Your task: Retype every line from the start of the data down to and including the line with "managing money and". Skip the pictures.

Given information:
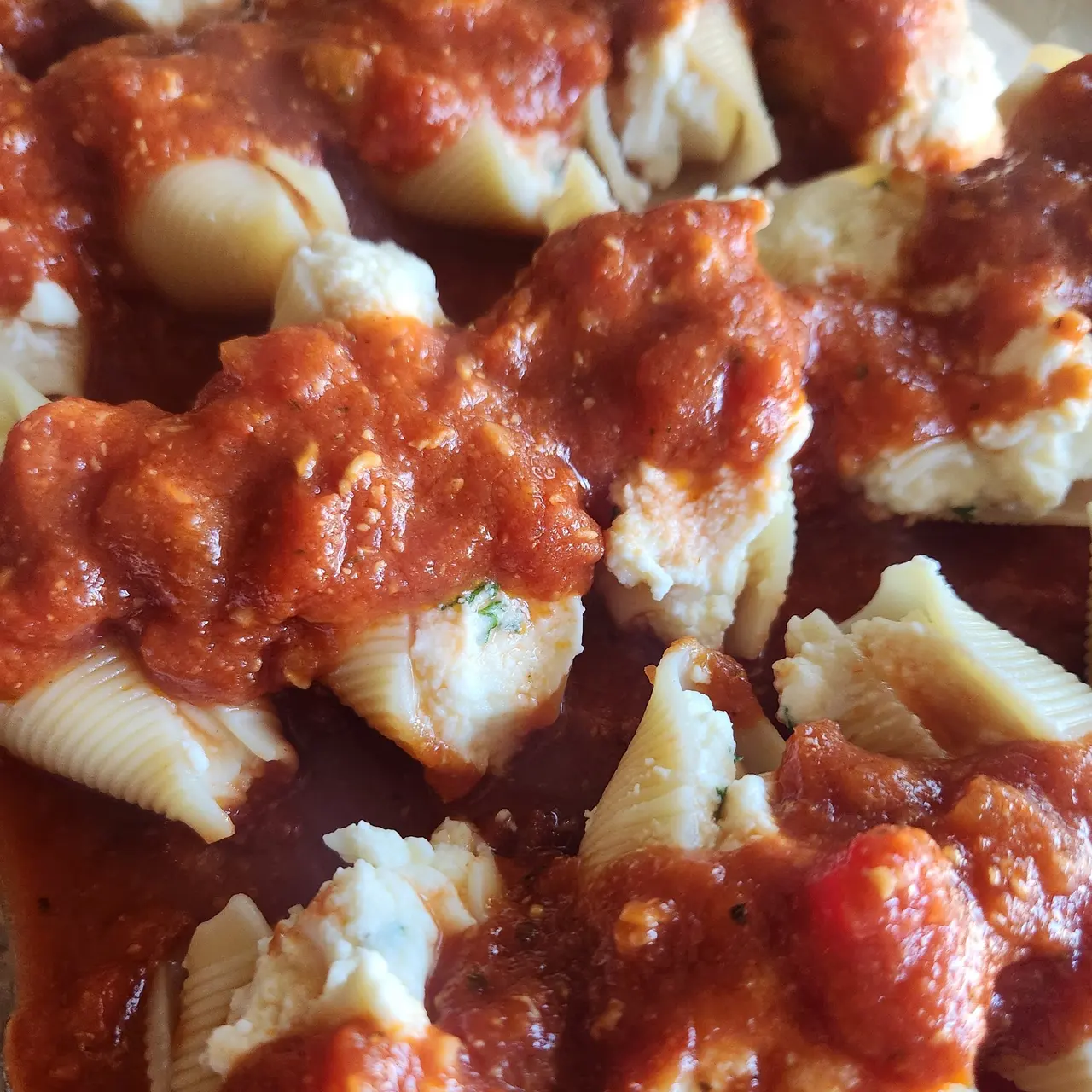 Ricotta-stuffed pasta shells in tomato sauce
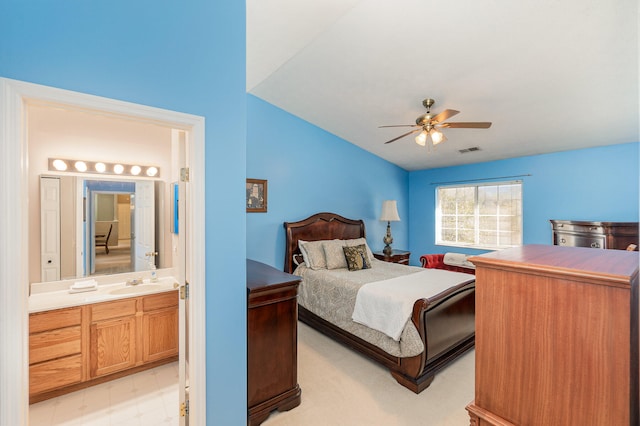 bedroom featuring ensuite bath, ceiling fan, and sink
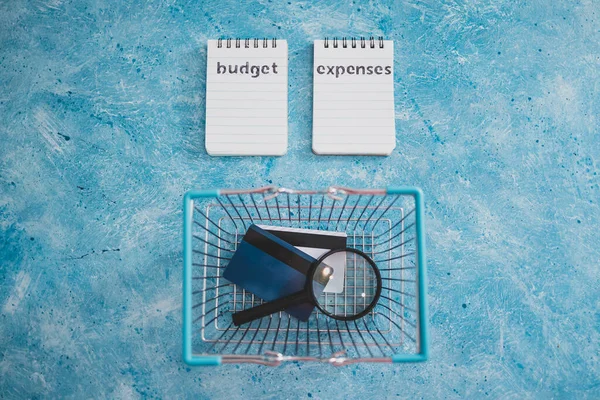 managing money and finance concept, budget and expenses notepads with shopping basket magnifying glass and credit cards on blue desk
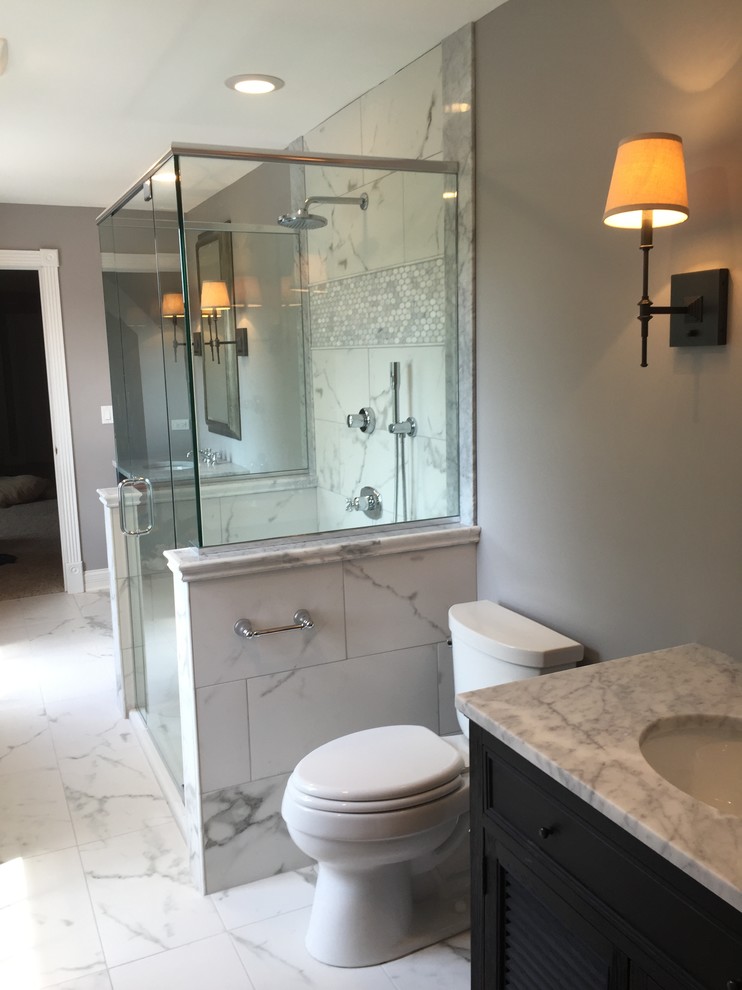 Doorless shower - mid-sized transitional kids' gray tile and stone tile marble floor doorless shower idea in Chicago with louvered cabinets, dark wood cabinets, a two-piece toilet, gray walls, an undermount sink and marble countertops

Written solution:
 Ricotta-stuffed pasta shells in tomato sauce
 bedroom featuring ensuite bath, ceiling fan, and sink
 managing money and finance concept, budget and expenses notepads with shopping basket magnifying glass and credit cards on blue desk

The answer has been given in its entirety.